The 'Whare o Raro' or lower house of the Kotahitanga Parliament formed from the 1893 sitting at Waipatu, Hawke's Bay. The parliament had met from 1892 to 1902 in locations around the North Island. It had an informal meeting at Waitangi in 1892, and then met with elected members at Waipatu in 1892 and 1893.
From 1894 the Māori parliament sat at Pākirikiri near Gisborne and Rotorua, with further sittings in 1900 and 1901. The 1896 meeting was at Tokaanu, Taupō, then sat at Pāpāwai, Greytown for two years. The final sitting was at Waiōmatatini on the East Coast of the North Island.
Te Kotahitanga was distinct from Te Kauhanganui, the Māori parliament established by the Kingitanga movement in the late 1880s, because it called for the union of all Māori tribes, whereas Te Kauhanganui was convened by and for the hapū of the Waikato-Tainui region.
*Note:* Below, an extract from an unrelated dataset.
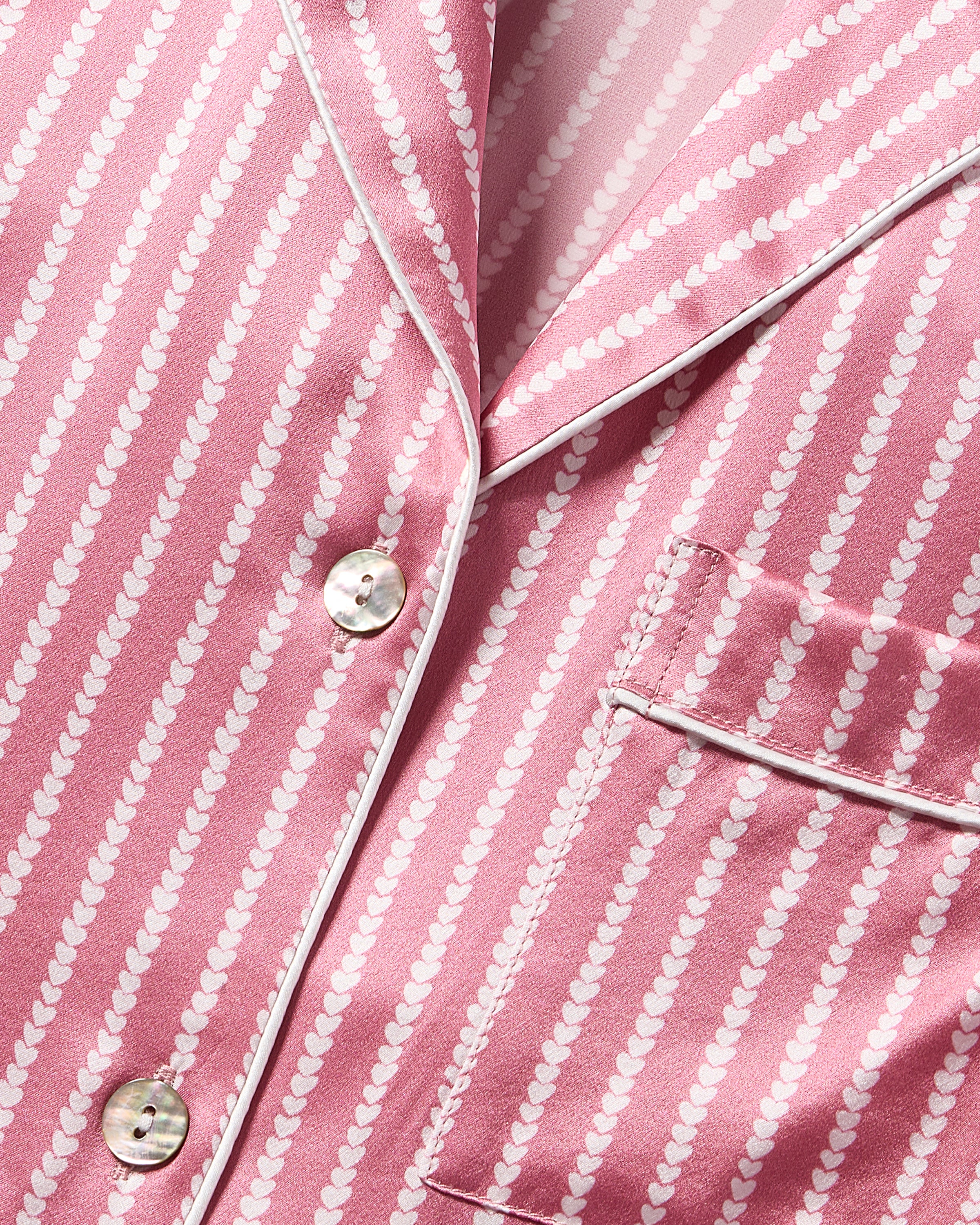 Close-up of the Womens Silk Nightshirt in Love Lines by Petite Plume, crafted from luxurious mulberry silk with pink fabric and white vertical dotted stripes. This tailored design showcases a silky texture, featuring a chest pocket and white buttons, with elegant piping on the collar and pocket edge.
In 1895 the two movements considered merging, but this ultimately failed.
By 1902 its role was largely superseded by the Māori Councils established by James Carroll and Hone Heke Ngapua through the Māori Councils Act 1900. As a result, Kotahitanga members unanimously voted for its dissolution at the 10th Parliament at Waiōmatatini in 1902.